Fee Flywheel at Morgan Stanley, Everything Machine at JPMorgan
Ted Pick called it “a record quarter”, and the composition matters. Wealth Management pulled in $8.52 billion with $118.4 billion in net new assets and $54 billion of fee-based flows. That is recurring, sticky revenue. Institutional Securities added $10.72 billion, with Advisory alone up 74%. Investment Management slipped 4% on $11.6 billion of equity outflows, a reminder the fee model still has soft spots.
JPMorgan showed scale that Morgan Stanley cannot match. The Commercial & Investment Bank generated $23.38 billion, Markets hit a record $11.6 billion, and Card Services & Auto climbed 13% to $7.76 billion. Consumer credit is a real engine here, and it cuts both ways. The Card net charge-off rate ran at 3.46%, and nonperforming exposure rose 11% to $11.0 billion.
Capital-Light Advisor vs. Cyclical Credit Colossus
| Lens | Morgan Stanley | JPMorgan |
| Core Bet | Wealth & advisory fees | Universal bank scale |
| Q1 Revenue | $20.58B | $49.84B |
| EPS | $3.43 | $5.94 |
| Client Assets | $7.34T | $7.1T |
| Trailing P/E | 19 | 16 |
Morgan Stanley converts trillions in assets under management directly into predictable, high-margin advisory fee revenue. That shows up as a 27.1% ROTCE and an efficiency ratio compressed to 65%. JPMorgan holds #1 Global IB fees at 9.8% wallet share, but noninterest expense grew 14%, outpacing revenue.
The Next Test Is Credit Normalization and Wealth Flows
I will be watching whether Morgan Stanley can push toward its $10 trillion client-asset target while fixing the Investment Management outflows. Polymarket traders currently price a 51% chance MS Q2 IB revenue clears $2.125 billion, which is a real test of momentum. For JPMorgan, credit is the story. Card charge-offs and that rising nonperforming exposure will tell us whether Dimon’s “resilient” consumer holds through year-end.

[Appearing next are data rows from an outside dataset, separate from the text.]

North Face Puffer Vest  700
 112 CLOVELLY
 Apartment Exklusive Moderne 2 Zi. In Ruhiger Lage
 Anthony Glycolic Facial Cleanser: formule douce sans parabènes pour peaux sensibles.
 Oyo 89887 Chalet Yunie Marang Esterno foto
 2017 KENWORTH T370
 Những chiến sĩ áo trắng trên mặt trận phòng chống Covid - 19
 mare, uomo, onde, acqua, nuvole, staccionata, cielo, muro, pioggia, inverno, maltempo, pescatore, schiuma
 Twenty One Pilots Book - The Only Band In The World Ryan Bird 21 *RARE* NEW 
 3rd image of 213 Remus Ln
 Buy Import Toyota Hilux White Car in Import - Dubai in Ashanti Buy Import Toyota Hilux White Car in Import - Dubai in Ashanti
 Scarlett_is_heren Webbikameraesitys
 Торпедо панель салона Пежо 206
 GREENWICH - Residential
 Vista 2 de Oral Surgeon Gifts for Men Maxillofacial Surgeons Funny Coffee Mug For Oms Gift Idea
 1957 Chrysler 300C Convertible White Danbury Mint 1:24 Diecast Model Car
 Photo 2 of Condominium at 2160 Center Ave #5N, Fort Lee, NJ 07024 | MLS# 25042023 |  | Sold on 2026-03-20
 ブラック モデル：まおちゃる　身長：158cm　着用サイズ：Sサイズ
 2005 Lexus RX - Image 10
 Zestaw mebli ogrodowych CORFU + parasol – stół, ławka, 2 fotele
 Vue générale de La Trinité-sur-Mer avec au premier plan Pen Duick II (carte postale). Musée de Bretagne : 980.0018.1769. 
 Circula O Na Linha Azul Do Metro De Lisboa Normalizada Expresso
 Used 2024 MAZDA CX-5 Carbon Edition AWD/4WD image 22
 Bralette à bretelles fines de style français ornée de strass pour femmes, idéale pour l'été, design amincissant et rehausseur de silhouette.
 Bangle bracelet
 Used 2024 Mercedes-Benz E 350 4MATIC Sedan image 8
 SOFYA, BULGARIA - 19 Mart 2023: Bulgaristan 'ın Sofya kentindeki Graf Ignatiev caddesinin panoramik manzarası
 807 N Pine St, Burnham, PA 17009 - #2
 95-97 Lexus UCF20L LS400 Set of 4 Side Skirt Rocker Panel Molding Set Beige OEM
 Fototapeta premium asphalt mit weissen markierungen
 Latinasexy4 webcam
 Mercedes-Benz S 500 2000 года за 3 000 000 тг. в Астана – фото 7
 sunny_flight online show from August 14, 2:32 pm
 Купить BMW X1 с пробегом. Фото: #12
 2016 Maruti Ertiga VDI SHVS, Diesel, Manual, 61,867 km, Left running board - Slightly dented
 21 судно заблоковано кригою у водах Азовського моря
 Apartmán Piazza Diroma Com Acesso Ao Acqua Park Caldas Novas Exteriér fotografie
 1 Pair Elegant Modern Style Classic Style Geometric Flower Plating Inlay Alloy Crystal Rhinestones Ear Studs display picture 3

The Case for Morgan Stanley’s Fee Durability
If I want cash-flow durability through a messy macro, I lean toward Morgan Stanley. The wealth engine keeps compounding whether markets chop or trend, and shares are already up 51.97% over the past year for a reason. JPMorgan fits a different investor, one who wants scale, a $1.50 quarterly dividend, and comfort owning the credit cycle. At 16 times earnings, it is cheaper than Morgan Stanley at 19, and that discount exists precisely because the cyclical exposure is real. The setup that would narrow the gap is credit metrics stabilizing at JPMorgan and its expense growth cooling. Until then, Morgan Stanley’s fee flywheel is the more defensive profile of the two.